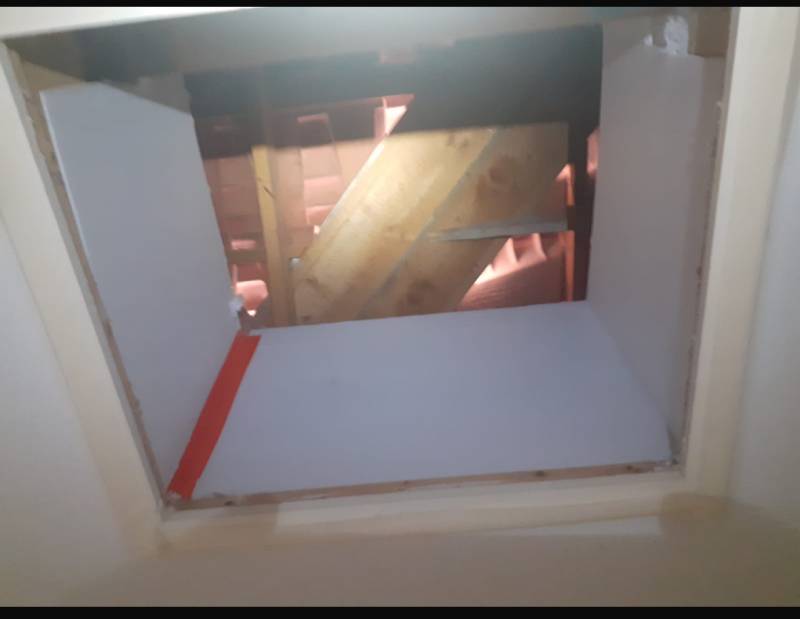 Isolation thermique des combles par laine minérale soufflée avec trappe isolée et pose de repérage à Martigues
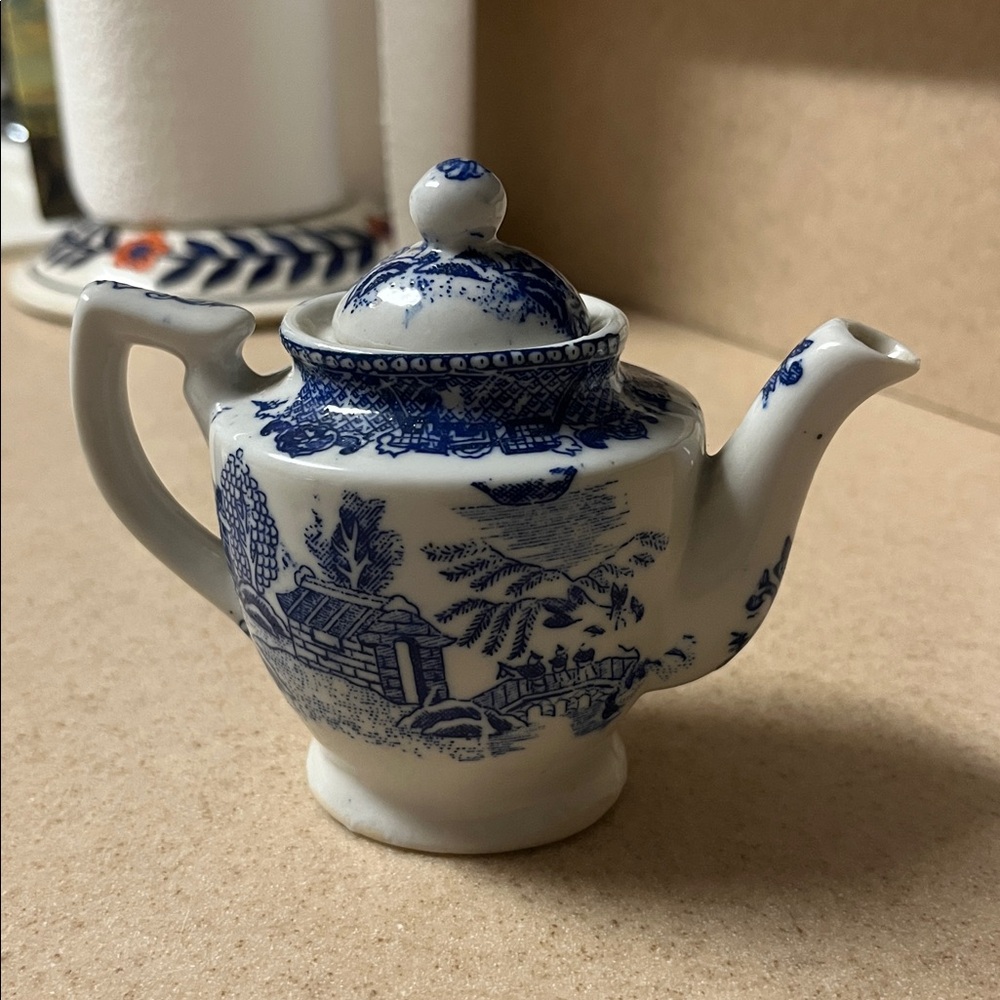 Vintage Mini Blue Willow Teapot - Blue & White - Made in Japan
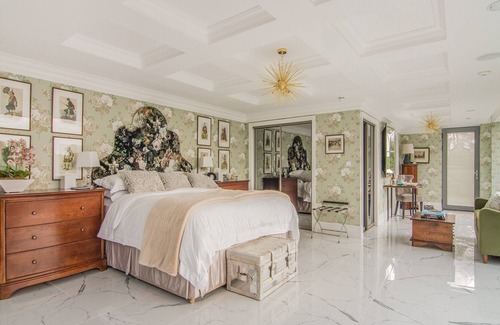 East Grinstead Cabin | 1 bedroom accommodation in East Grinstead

**YOUR OBJECTIVE:** Without the pictures, transcribe exactly the lines above from the one containing "Vintage Mini Blue" through the last.

**OUTPUT OF THE TASK:**
 Vintage Mini Blue Willow Teapot - Blue & White - Made in Japan
 East Grinstead Cabin | 1 bedroom accommodation in East Grinstead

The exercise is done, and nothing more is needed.